BSE Sensex has now slumped more than 500 points on Tuesday with banks leading the fall.
BSE Sensex is trading at 70,855.44 points, down 568.21 points or 0.80 per cent.
Indusind Bank, HDFC Bank are down 3 per cent. Consumer stocks, Hindustan Unilever and Asian Paints are down more than 2 per cent.
Among the broader markets, Railway stocks are down sharply. Railtel is down 13 per cent, Ircon is down 12 per cent, Texmaco Rail is down 10 per cent, RVNL is down 9 per cent, IRFC is down 9 per cent, RITES is down 8 per cent, Titagarh is down 7 per cent.
Zee Entertainment shares are down a massive 26 per cent on Tuesday.
Zee is trading at Rs 170, down 26.6 per cent. The lower circuit is at 30 per cent.
After more than two years of deliberation, Sony has terminated its merger cooperation agreement (MCA) with Zee and sought a termination fee of USD90m from the company for an alleged breach of the MCA.
Zee has said that it would evaluate all its options, including a legal action. Surprisingly, it has mentioned that Punit Goenka, Zee’s MD and CEO, had agreed to step down, a key bone of contention between the two parties. "As a result, we downgrade our rating on the stock to Neutral," Motilal Oswal Financial Services said.
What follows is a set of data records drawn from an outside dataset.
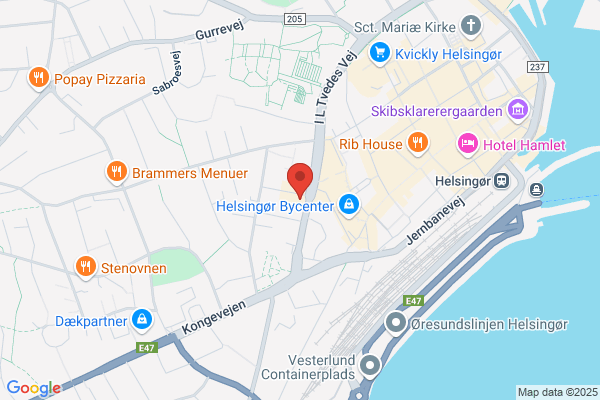 Indre Mission, Bethesda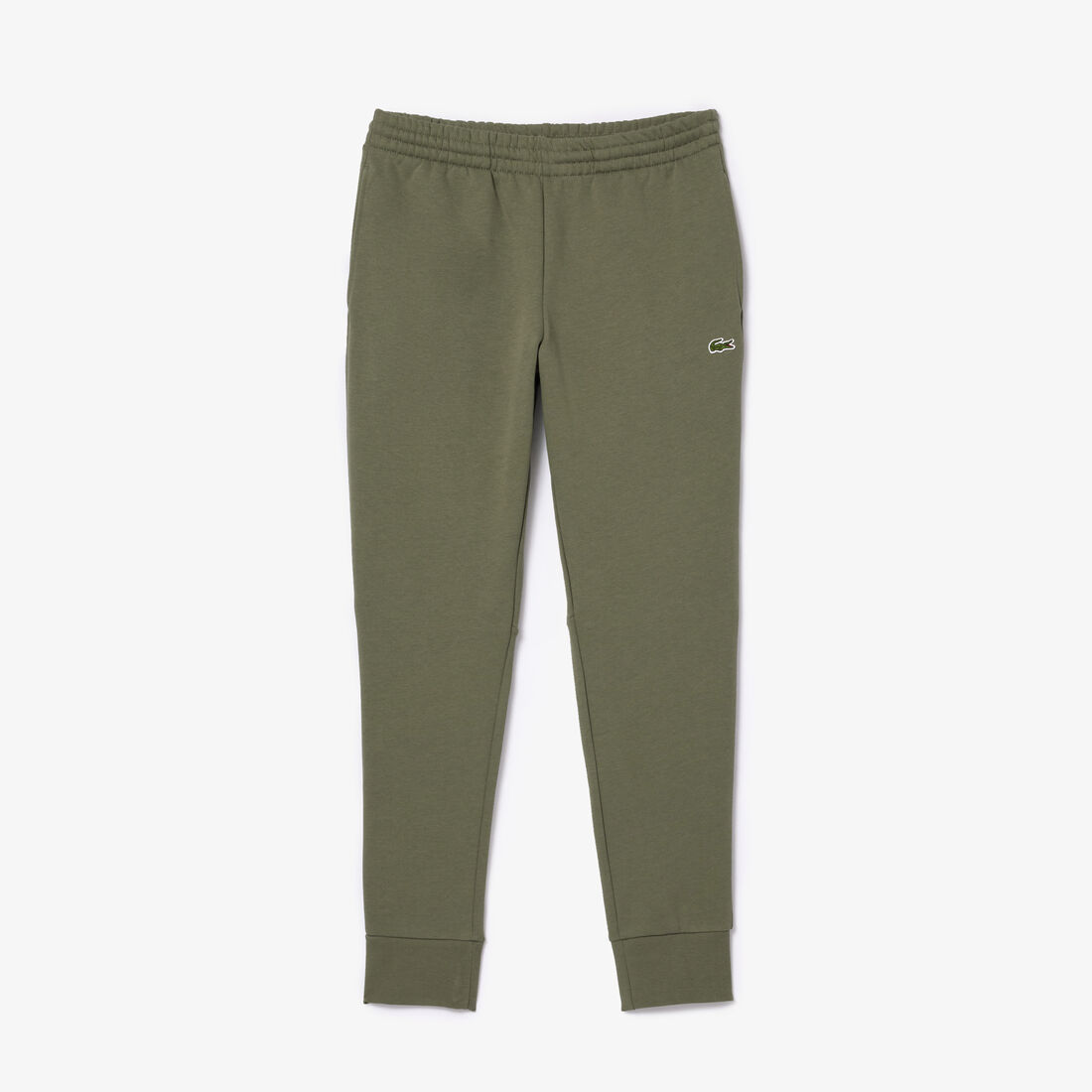 Men's Lacoste Slim Fit Organic Cotton Fleece Jogger Trackpants - XH9624-00-316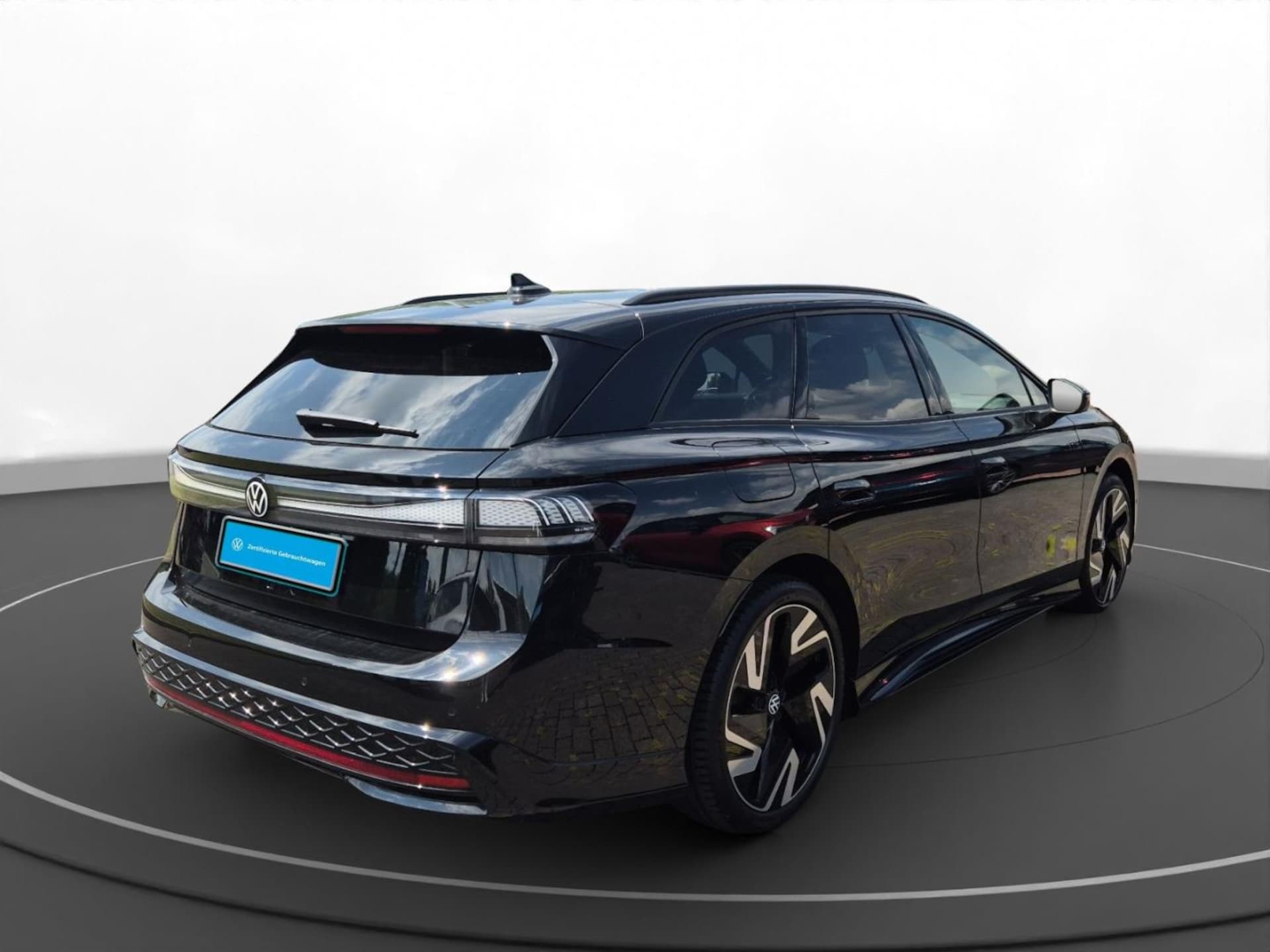 Volkswagen ID.7 Tourer GTX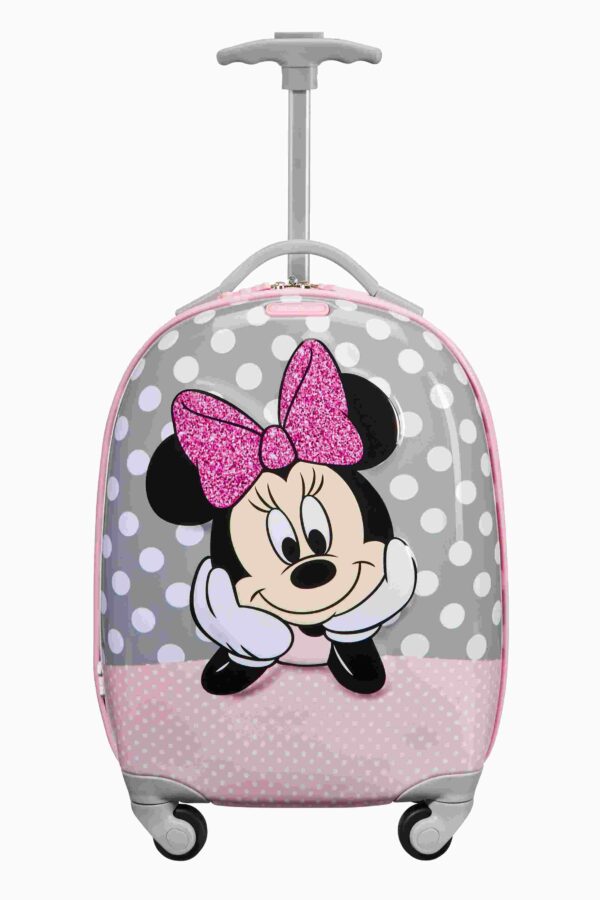 DISNEY ULTIMATE 2.0 SPINNER 46/16 DISNEY MINNIE GLITTER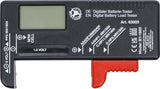 DIGITAL BATTERY LOAD TESTER | 1.5V / 9V (63503)
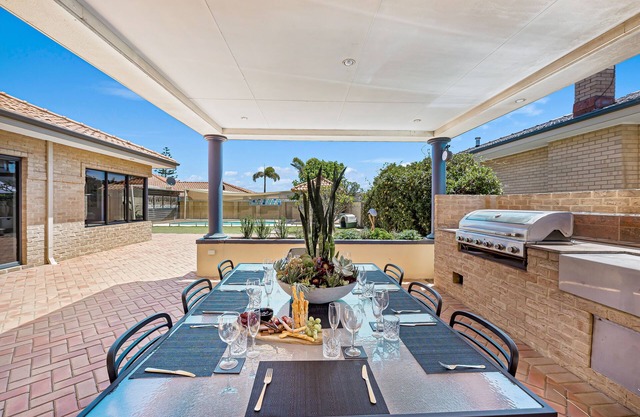 Fun in The Sun: Pool Bliss & Ocean Views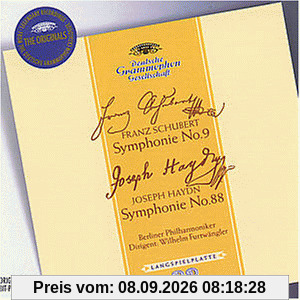 The Originals - Schubert / Haydn (Symphonies 9 & 88)
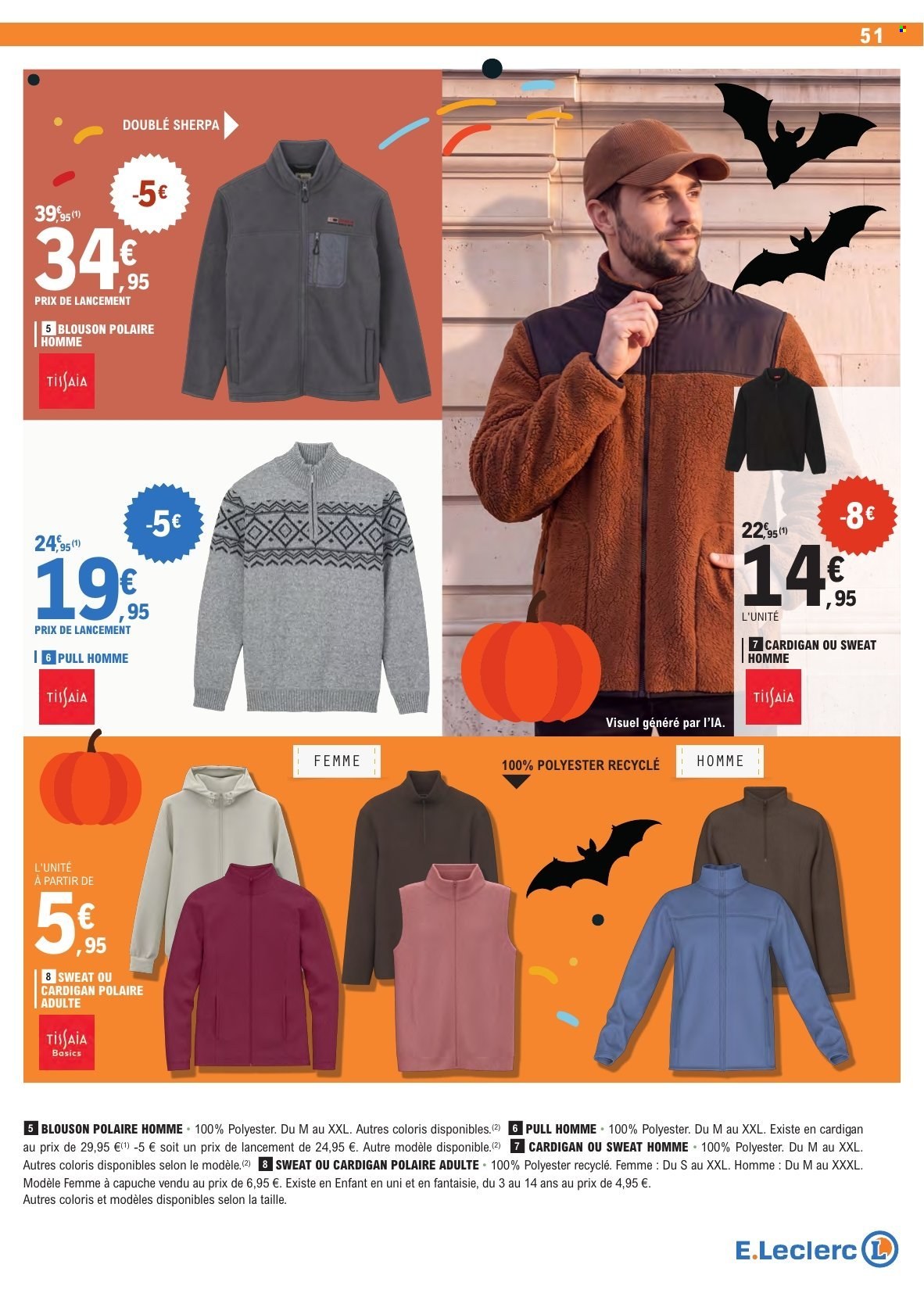 Catalogue E.Leclerc - 20/10/2026 - 31/10/2026. Page 51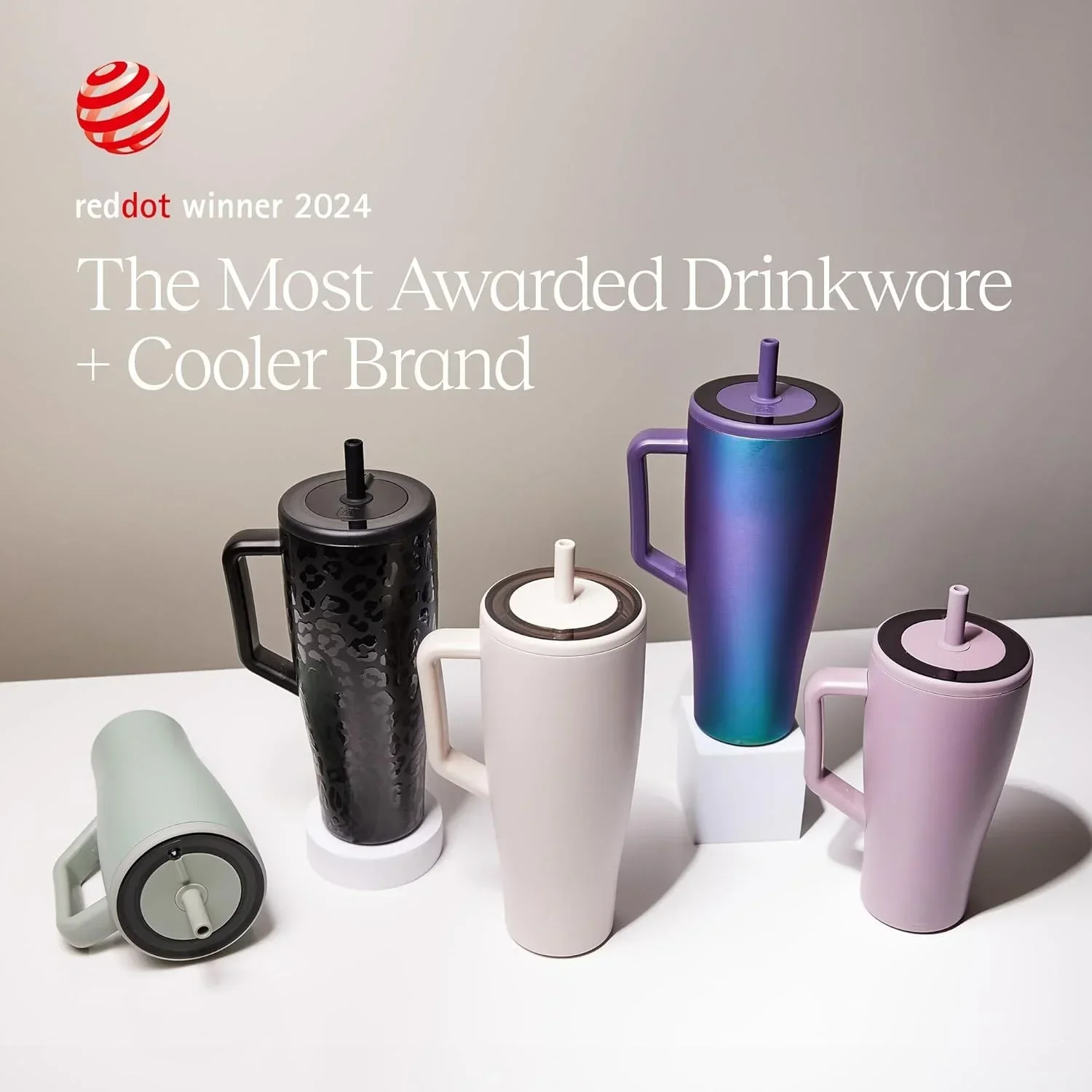 BM AquaLock Era Insulated Tumbler (40 oz)
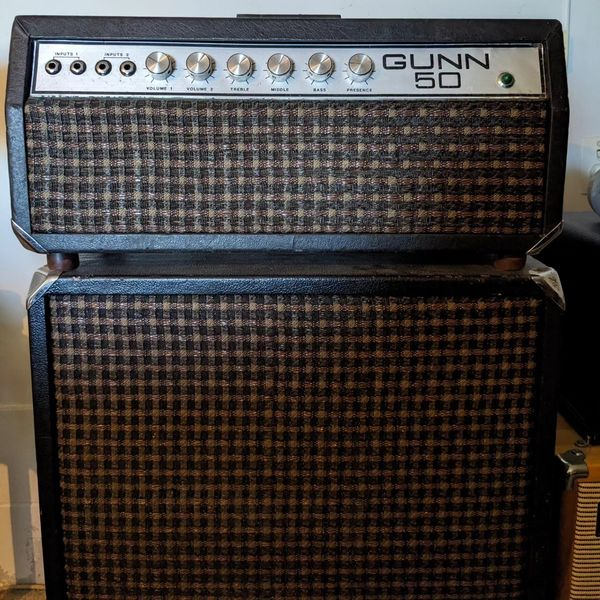 LBCworld's tweet photo. @nzmusicmonth  LBC favourite things continues with a salute to NZ made amps. There are some great NZ amps around that sound amazing  and often still sell for bargain prices. Here are a couple from the LBC stable. Gunn 50 &amp; Holden 8. Both pack plenty of punch.
#guitaramps https://t.co/AHt6Y1q6Tn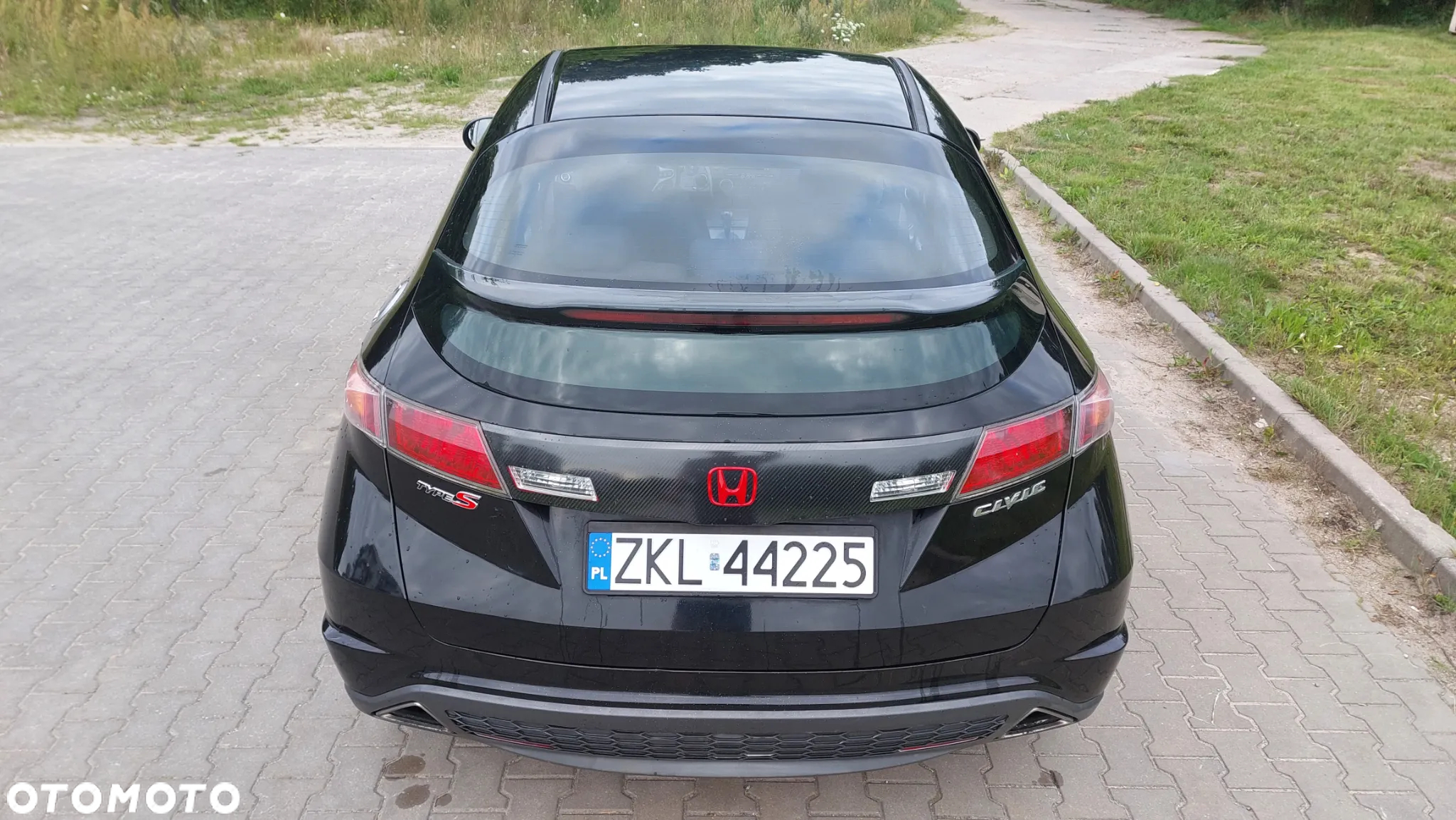 Honda Civic 2.2i-CTDi DPF Sport - 11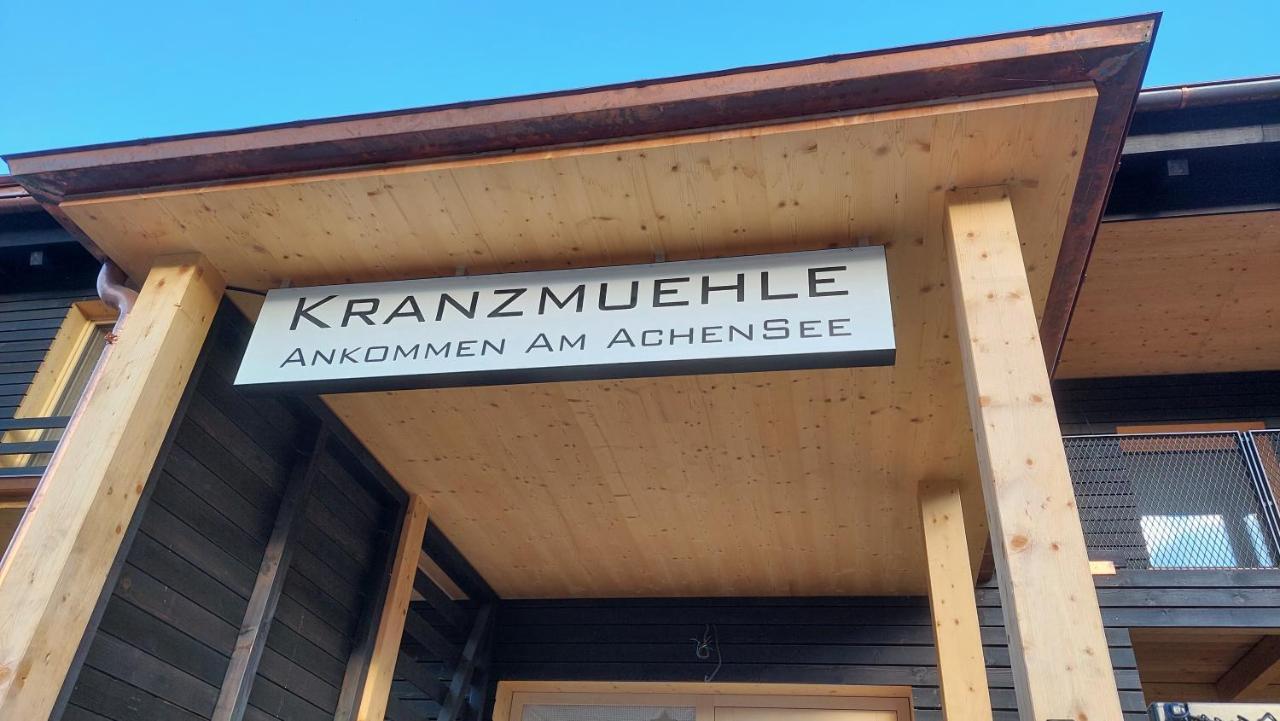 Kranzmuehle - Ankommen Am Achensee Achenkirch Luaran gambar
The company’s performance has been abysmal for the last four years as ad revenue declined 14 per cent over FY20-23 due to weak market conditions and continued market share loss over the last 4-5 years, from over 20 per cent to sub-17-18 per cent. At a time when the industry is seeing a shift toward OTT, Zee5 individually would be on a weak footing, playing the second fiddle in a market dominated by strong players like Disney, Netflix, Amazon Prime, and Reliance Industries-led Network18. This is unlike the linear TV market, in which it has maintained its position among the top two players for a prolonged period, the report said.